Date of Award

Winter 2003

Document Type


Degree Name

Doctor of Philosophy (PhD)


Biomedical Sciences

Committee Director

R. James Swanson

Committee Member

Sergio Oehninger

Committee Member

Mahmood S. Morshedi


Production of functional gametes and healthy embryos is essential for proliferation of all vertebrates, especially humans. Many compounds have toxic effects on developing gametes and embryos among which are chromium trioxide (CrO3), cupric oxide (CuO) and arsenic pentaoxide (As2O5) as a mixture (CCA) or individually. Controversy surrounding the safety of CCA-treated wood centers primarily on the toxicity of its components and the potential for these metals to be released from the wood.

The aim of this research is to test the hypothesis that CCA components have deleterious effects on embryo development, oocyte maturation and integrity and sperm function.

A two-cell embryo assay was proposed to detect embryotoxicity of the CCA components and their mixtures. Total blastocyst cell numbers, analyzed by fluorescent DNA-binding, were the indicator of embryotoxicity on the subcellular level. Oocytes, in vitro-matured in the presence of CCA components, were analyzed for cell cycle progression. Spindle formation and chromosomal patterns in MI and MII oocytes were analyzed by immunofluorescent staining. A sperm motility index was used to evaluate sperm function in the presence of CCA components. Sperm viability was analyzed using fluorescent staining.
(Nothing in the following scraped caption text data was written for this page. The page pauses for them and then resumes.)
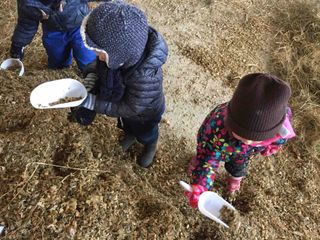 Il cibo per i bovini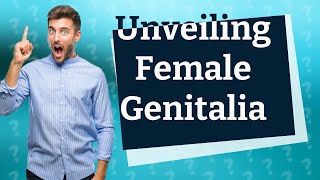 How Can I Understand the Anatomy of Female External Genitalia [upl. by Dido]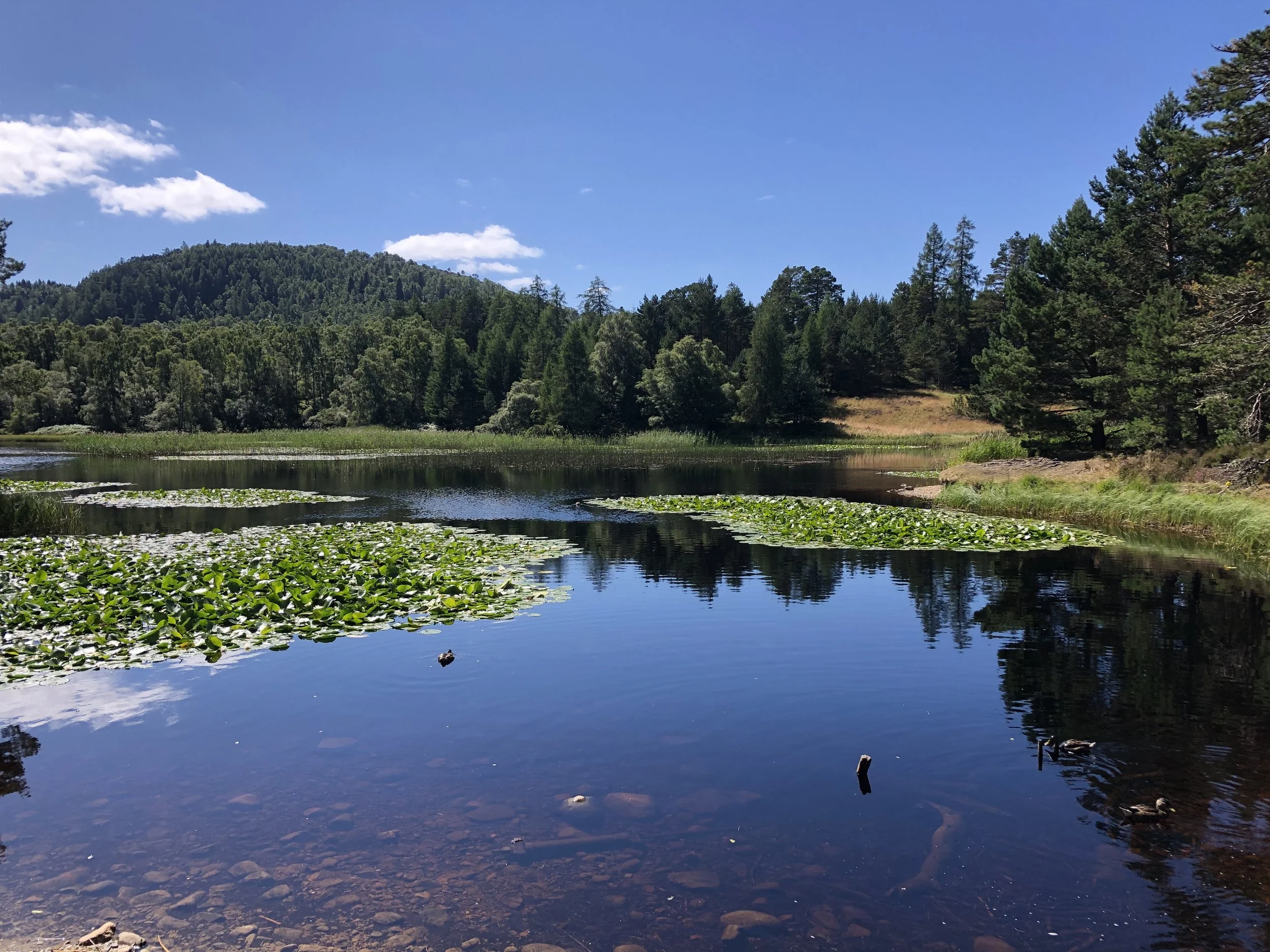 Peaceful Lily loch surrounded by woodland in the Cairngorms, close to The Hayloft at Rothiemurchus.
Summarizing our results, embryonic exposure to arsenic, chromium and copper concentrations of as little as 0.5 mg/L have a toxic effect on embryo quality represented by significant reduction in total cell numbers without reduction in the embryonic developmental stages. Increasing the concentration above 0.5 mg/L was accompanied by a dose-dependent decrease in embryonic development in the form of a drop in the number of morula/blastula stage embryos and elevation in fragmented/degenerated embryos. A trace amount of arsenic, chromium or copper inhibits oocyte maturation. The metal compounds delay cell-cycle progression and arrest oocytes in meiosis. Aberrant spindle and chromosome misalignments were a common feature in most MI and MII treated oocytes. The sperm motility index and viability showed a reduction in the presence of trace amount of CCA components.

In conclusion, acute-chronic exposure to arsenic, chromium or copper compounds may affect embryo and gamete development and quality on the cellular-subcellular levels.


Dissertation submitted to the Faculty of Eastern Virginia Medical School and Old Dominion University in Partial Fulfillment of the Requirement for the Degree of Doctor of Philosophy in Biomedical Sciences.